To make the pb caramel:


Put 1/3 cup of sugar in a pan with a couple of spoonfuls of water. I use brown sugar but caster is fine.

Stir it over a medium fire until you have caramel, which is when it bubbles like a witch´s brew and smells like heaven.

Add 1/3 cup of peanut butter (smooth, without sugar) and stir until it´s dissolved.

If the sauce looks too thick add some water until it´s how you like it.

The good news is that it keeps in a jar just so, and that it´s just as wonderful over ice cream, or fruit, or pancakes, or, you get the picture. I dare say this isn´t even very good news.

Also, it´s vegan, so go ahead and pour it over banana ice cream when you entertain people of that persuasion.



11.11.11

Gather your parsnips while ye may

Autum hits you fully in the face when the clocks go forward.
It´s a nasty, cruel joke, and if you´re as close to the North Pole as we are then it´s no joke at all.

Scottish winter has very little to recommend it, but, just to show what a bright little ray of Southern sunshine I am, I will focus on one (small) consolation: parsnips.

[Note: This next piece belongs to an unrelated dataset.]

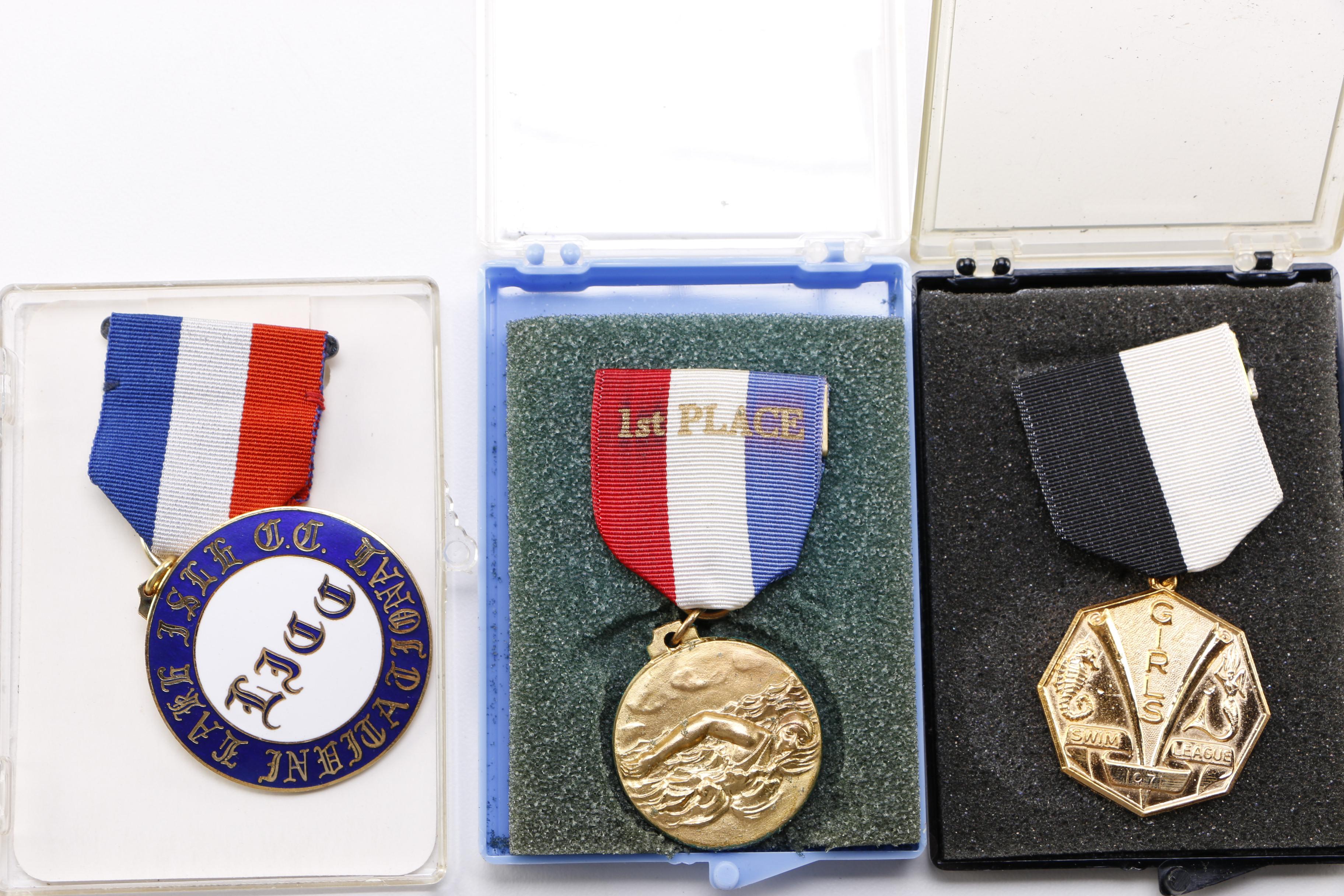 Large Vintage Group of Swimming Medals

This lowly root vegetable was happily looked over once the potato came to stay, centuries ago, and in Spain we fell for spuds so hard that parsnips are only given to horses. A big pity, because they are very good. You can make Jane Grigson´s famous curried parsnip soup, or you can use some in your mashed potato, but to me where they shine is in the roasting pan.


Because of their shape, they are perfect for roasting. If you cut a parsnip in four lengthwise you end up with three textures. Coated in a very little oil, dusted with salt and roasted for about half an hour in a very hot oven, the thin tip almost chars, the middle bit is chewy, and the thick base fluffy. This is the best of all worlds.

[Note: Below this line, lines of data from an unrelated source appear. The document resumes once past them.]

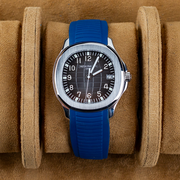 Tempomat Madrid  affordable luxury watch accessories, navy blue  FKM vulcanized rubber straps for patek philippe aquanaut 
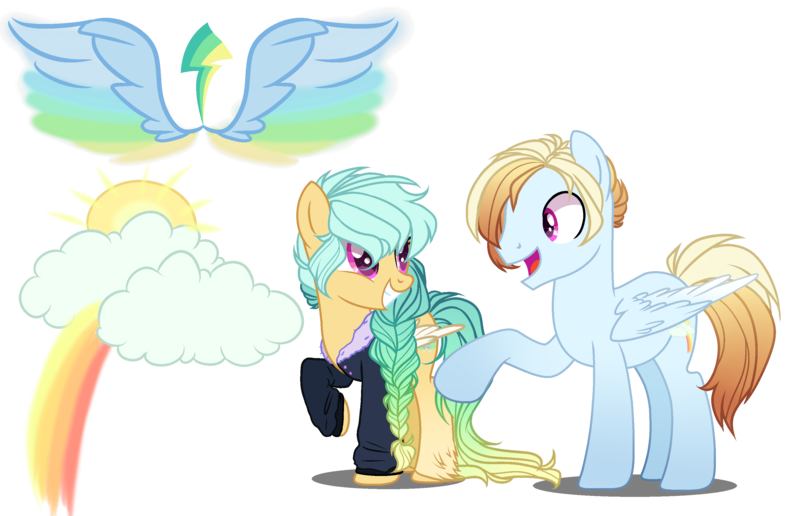 Size: 3100x2000 | Tagged: safe, artist:gihhbloonde, derpibooru import, oc, unofficial characters only, pegasus, pony, female, male, mare, offspring, parent:rainbow dash, parent:zephyr breeze, parents:zephdash, simple background, stallion, transparent background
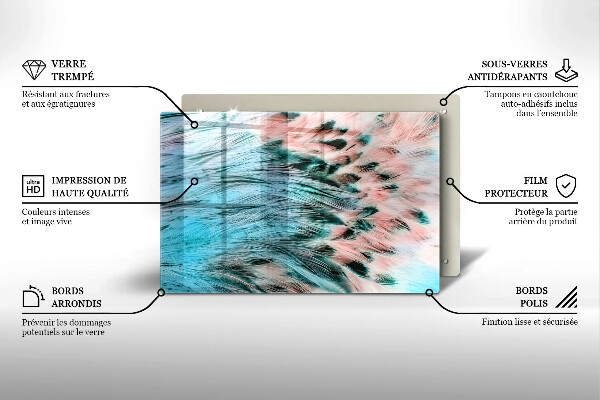 Glass cutting board Boho bird feathers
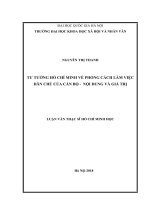 TƯ TƯỞNG HỒ CHÍ MINH VỀ PHONG CÁCH LÀM VIỆC DÂN CHỦ CỦA CÁN BỘ   NỘI DUNG VÀ GIÁ TRỊ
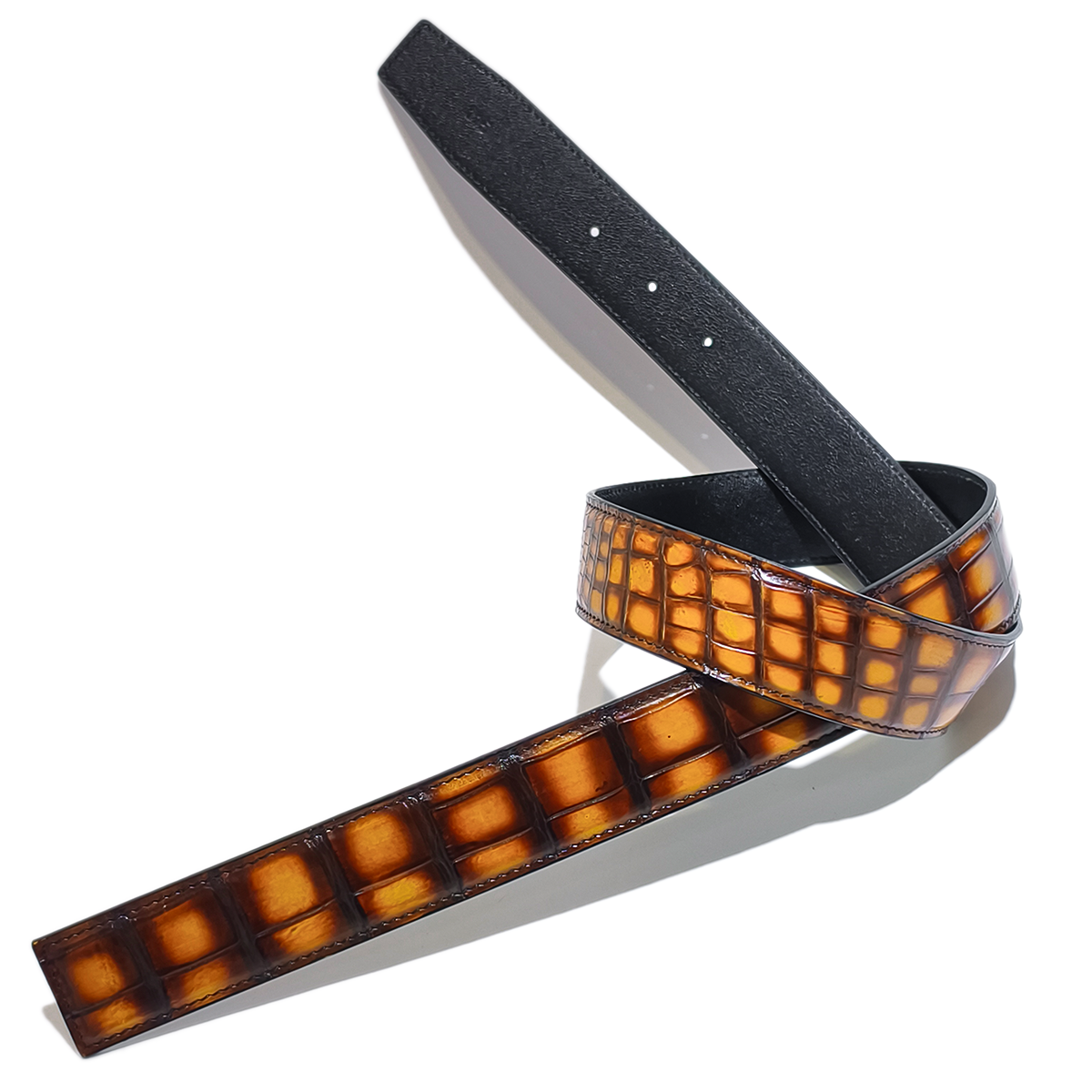 Handmade Genuine Alligator Leather Belt, Amber Brown Gradient Glossy Texture Fit for Prong Buckle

The great thing is that you can also roast potato or sweet potato wedges, carrots or pumpkin. And nobody says you should keep chicken parts or sausages out of the oven.

And you´ll have heated up the kitchen so beautifully that you won´t even notice, behind misted up windows, that it´s been dark for hours.

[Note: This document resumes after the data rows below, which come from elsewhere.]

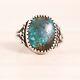 Early Old Pawn Sterling Silver Lone Mountain Turquoise Rain Drops Taille De L'anneau 4.5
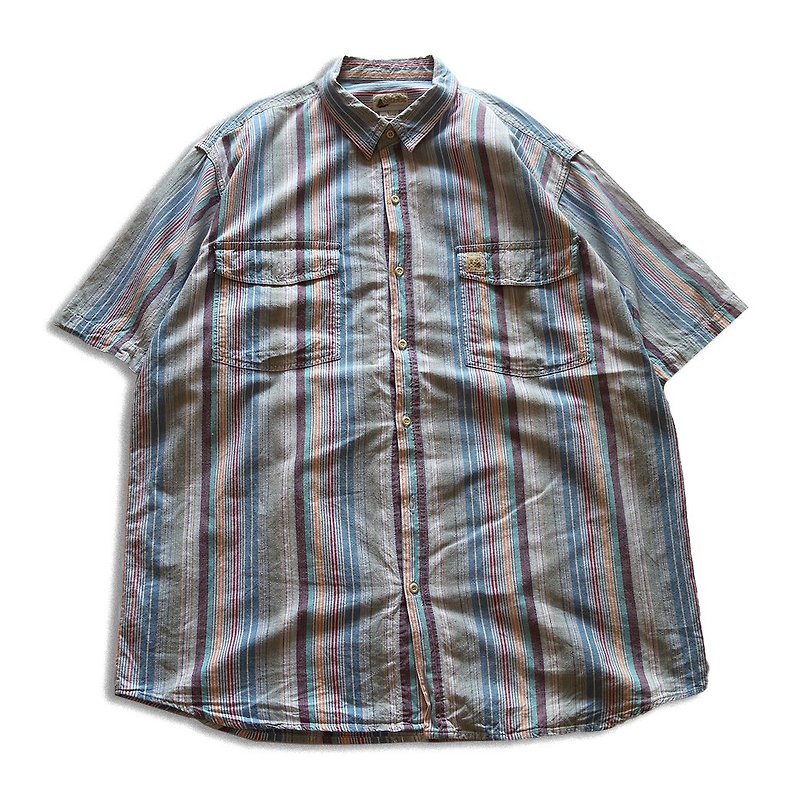 -Two Light Masters Vintage-Colored Striped Shirt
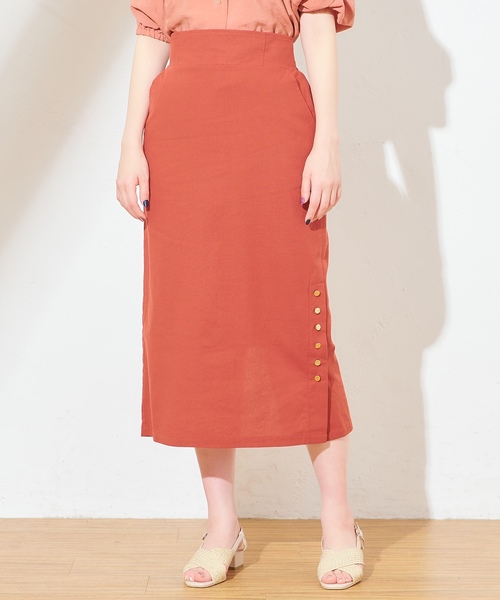 natural couture(ナチュラルクチュール)の「麻ライクサイドスリットスカート(スカート・レディース・オレンジ/ストライプ/ライトベージュ・FREE)」の14枚目の写真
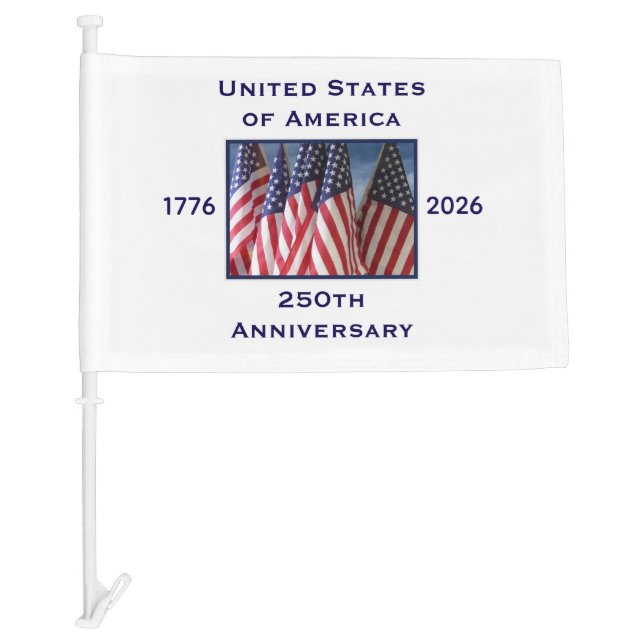 250th Anniversary USA Patriotic American Blue Car Flag (Front)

(The drawing has nothing to do with anything, but I feel there aren´t enough images of Soviet space dogs in our every day life).

4.11.11

Pressure cooked kale

Kale, that strange vegetable; spinach on steroids, chewy chard, bitter cabbage…healthy, virtuous, austere, dark. A hard sell, paired as it often is with mentions of brown rice and winter soups.

Not that I knew, because we don´t have kale in Spain, as far as I can tell. I can sometimes find it in supermarkets in Aberdeen, and when I do, I bring home whole armfuls.

I usually gave it the pan-steam treatment, and it worked well, but because it´s a sturdy old thing and needs longer cooking than other greens, now I use the pressure cooker.


Method A is the ultra-organized, grown-up thing which I use for cooking my supermarket sweep in one go. I can fit three 400 gr. bunches in my 6 litre cooker. Cut out the rib, rip the leaves, wash them, throw them into the pressure cooker with a cup of water and give it five minutes under high pressure.

Let them cool and then freeze part, put part away in the fridge, and perhaps have the rest right away.


Method B is for a single bunch, and works just as well with any green, but you will have to adjust the cooking time.

Heat oil, add a crushed garlic clove and some cumin seeds, and as soon as the garlic dances, throw in a can of chickpeas or beans of your choice, liquid and all. Add the cleaned kale, salt, and give it five minutes under pressure.

Open the cooker and tweak it for salt. A lump of butter and a squeeze of lemon will be very welcome. Serve with bread and a bottle of hot, olive oil, a bowl of yogurt or ricotta, and mind you soak up the pot likker.

Needless to say, bacon, sausage, chorizo, etc, will all go very well indeed with this, so go ahead and add them at the beginning.

If you want it more soupy then simply add more water or broth.


Once you have your steamed metod A kale done, you can simply add it to anything you like, on the spur of the moment. It can be sauteed with a bit of garlic, pine nuts and raisins added at the end, perhaps a dash of pimentón. This is great on polenta, with a poached egg on top, but it´s pretty great in pasta, on pizzas and inside pies, in soups, or bean dishes, etc etc.

If imagination fails, you can always go for the brown rice, of course.